The original symbol of the French Navy was a golden anchor, which, beginning in 1830, was interlaced by a sailing rope; this symbol was featured on all naval vessels, arms, and uniforms. Although anchor symbols are still used on uniforms, a new naval logo was introduced in 1990 under Naval Chief of Staff Bernard Louzeau, featuring a modern design that incorporates the tricolour—by flanking the bow section of a white warship with two ascending red and blue spray foams—and the inscription "".

History

17th century 
Cardinal Richelieu personally supervised the Navy until his death in 1643. He was succeeded by his protégé, Jean Baptiste Colbert, who introduced the first code of regulations of the French Navy and established the original naval dockyards in Brest and Toulon. Colbert and his son, the Marquis de Seignelay, between them administered the Navy for twenty-nine years.

During this century, the Navy cut its teeth in the Anglo-French War (1627–1629), the Franco-Spanish War (1635–59), the Second Anglo-Dutch War, the Franco-Dutch War, and the Nine Years' War. Major battles in these years include the Battle of Augusta, Battle of Beachy Head, the Battles of Barfleur and La Hougue, the Battle of Lagos, and the Battle of Texel.

18th century 

The 1700s opened with the War of the Spanish Succession, over a decade long, followed by the War of the Austrian Succession in the 1740s. Principal engagements of these wars include the Battle of Vigo Bay and two separate Battles of Cape Finisterre in 1747. The most grueling conflict for the Navy, however, was the Seven Years' War, in which it was virtually destroyed. Significant actions include the Battle of Cap-Français, the Battle of Quiberon Bay, and another Battle of Cape Finisterre.

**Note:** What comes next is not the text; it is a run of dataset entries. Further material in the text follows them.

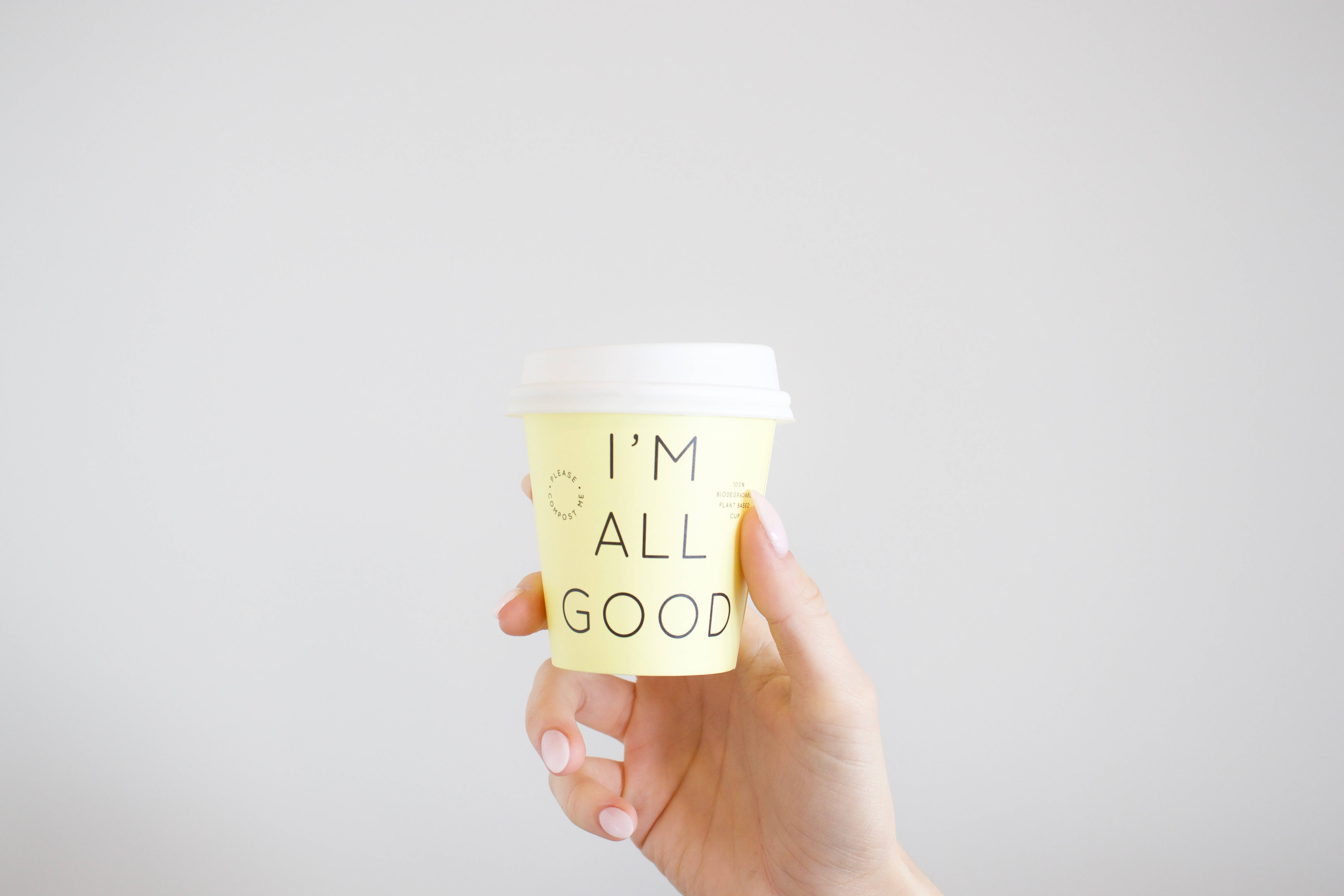 pale yellow coffee cup, bold black text, I'M ALL GOOD, 5K Desktop Wallpaper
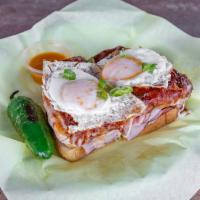 Croque Madame · A classic French sandwich made with fresh sliced ham, layered with bechamel sauce (milk thic...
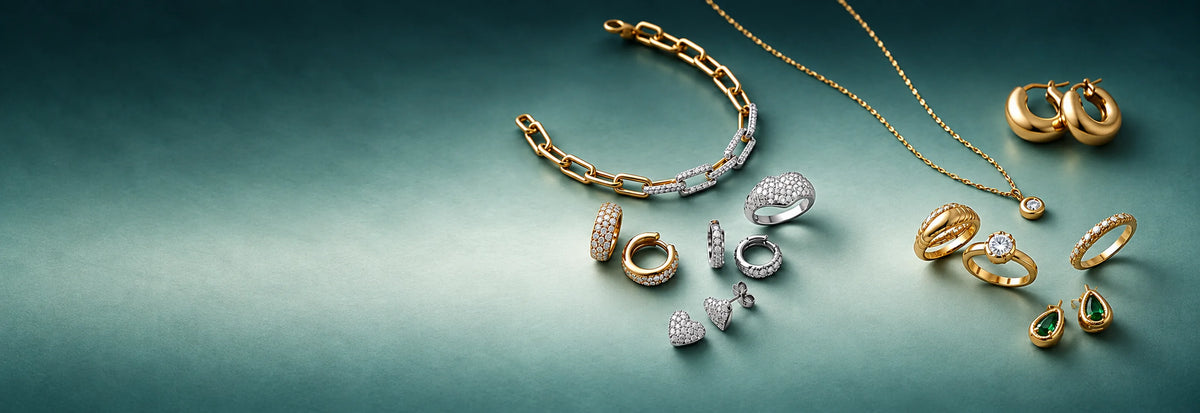 Gold bracelets, necklace, rings and earrings arranged on a teal background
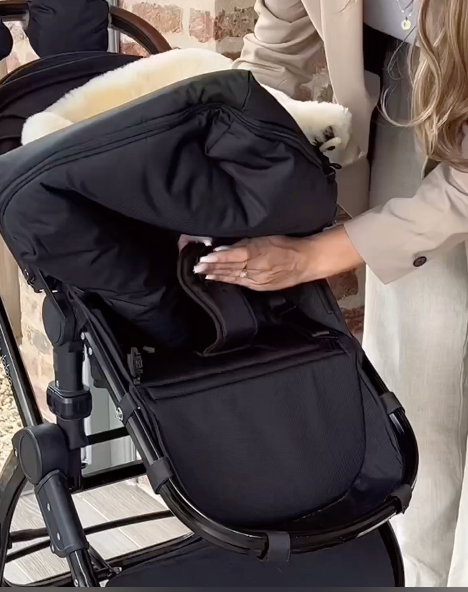 Sheepskin pram footmuff being fitted into a fixed harness cybex pram to prevent it slipping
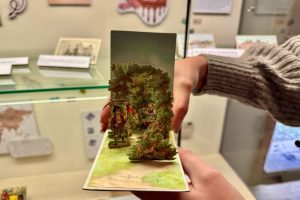 felia-einhorn-präsentiert-klapp-postkarte-aus-der-postkartenausstellung-c-museumsdorf-hoesseringen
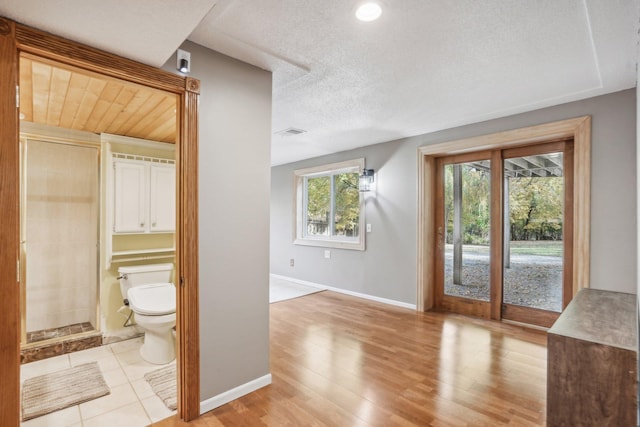 interior space with toilet, wood-type flooring, and a textured ceiling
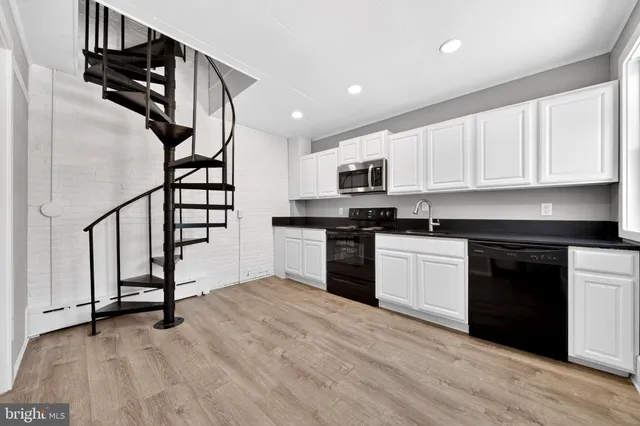 a kitchen with granite countertop a stove top oven and sink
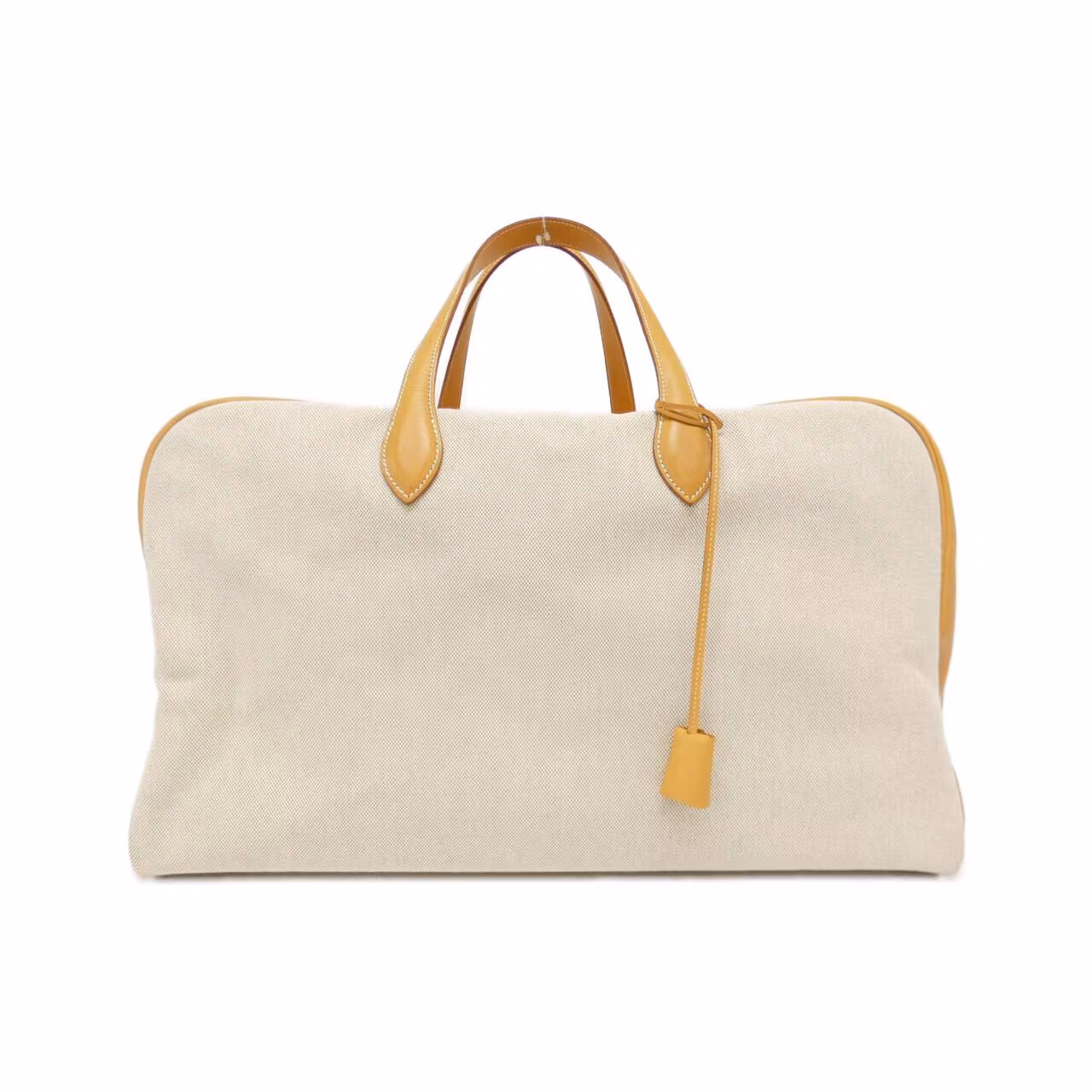 Wide duffel-shaped leather travel bag with twin handles and zip top.
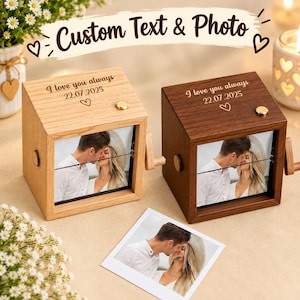 Puede incluir: Dos cajas de música cuadradas de madera, una de roble claro y otra de nogal oscuro, con una manivela lateral. Cada caja está grabada con el texto I love you always 22.07.2025 y un corazón. Una foto de una pareja se muestra en la parte frontal.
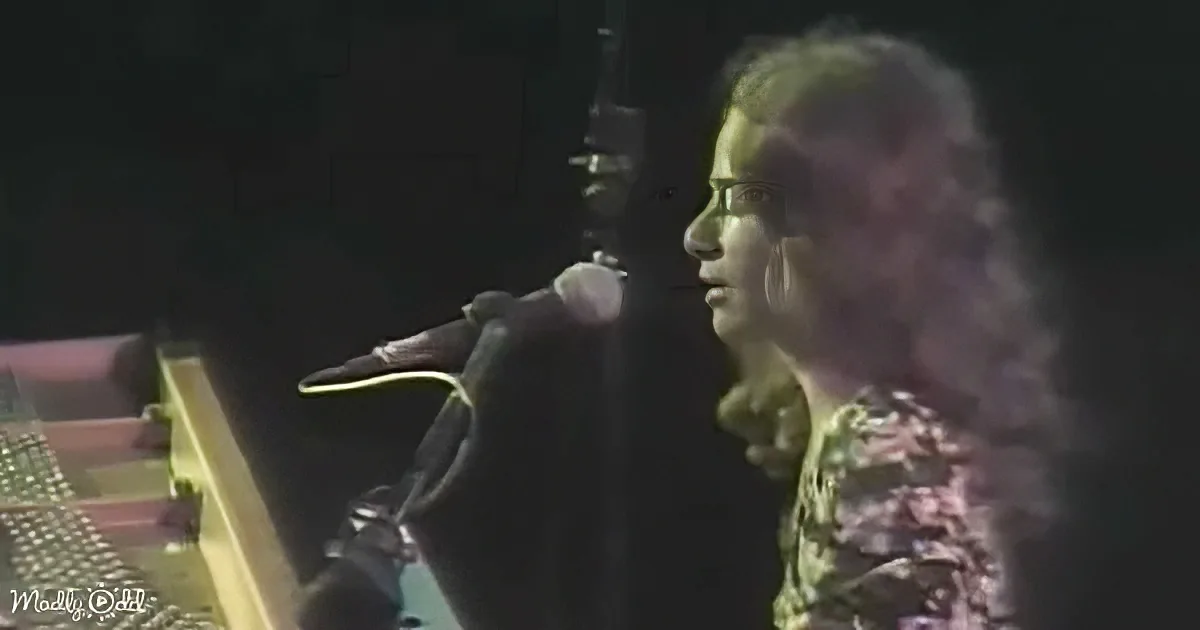 A person with long hair is singing into a microphone, wearing a patterned shirt.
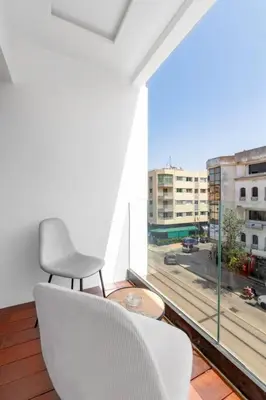 a white chair sitting in a room with a large window at Modern Elegance in City Core in Gare de Rabat-Aguedal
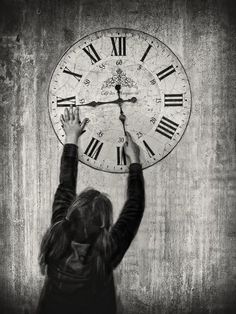 a girl holding up a clock on the wall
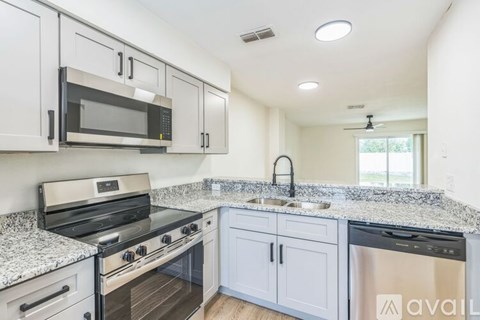 A kitchen with a black stove top oven, a black microwave, a granite counter top, and white cabinets.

The Navy regrouped and rebuilt, and within 15 years it was eager to join the fray when France intervened in the American Revolutionary War. Though outnumbered everywhere, the French fleets held the British at bay for years until victory. After this conflict and the concomitant Anglo-French War (1778–1783), the Navy emerged at a new height in its history. Major battles in these years include the Battle of the Chesapeake, the Battle of Cape Henry, the Battle of Grenada, the invasion of Dominica, and three separate Battles of Ushant.

Within less than a decade, however, the Navy was decimated by the French Revolution when large numbers of veteran officers were dismissed or executed for their noble lineage. Nonetheless, the Navy fought vigorously through the French Revolutionary Wars as well as the Quasi-War. Significant actions include a fourth Battle of Ushant (known in English as the Glorious First of June), the Battle of Groix, the Atlantic campaign of May 1794, the French expedition to Ireland, the Battle of Tory Island, and the Battle of the Nile.

19th century 

Other engagements of the Revolutionary Wars ensued in the early 1800s, including the Battle of the Malta Convoy and the Algeciras Campaign. The Quasi-War wound down with single-ship actions including USS Constellation vs La Vengeance and USS Enterprise vs Flambeau.

When Napoleon was crowned Emperor in 1804, he attempted to restore the Navy to a position that would enable his plan for an invasion of England. His dreams were dashed by the Battle of Trafalgar in 1805, where the British all but annihilated a combined Franco-Spanish fleet, a disaster that guaranteed British naval superiority throughout the Napoleonic Wars. Still, the Navy did not shrink from action: among the engagements of this time were the Battle of the Basque Roads, the Battle of Grand Port, the Mauritius campaign of 1809–11, and the Battle of Lissa.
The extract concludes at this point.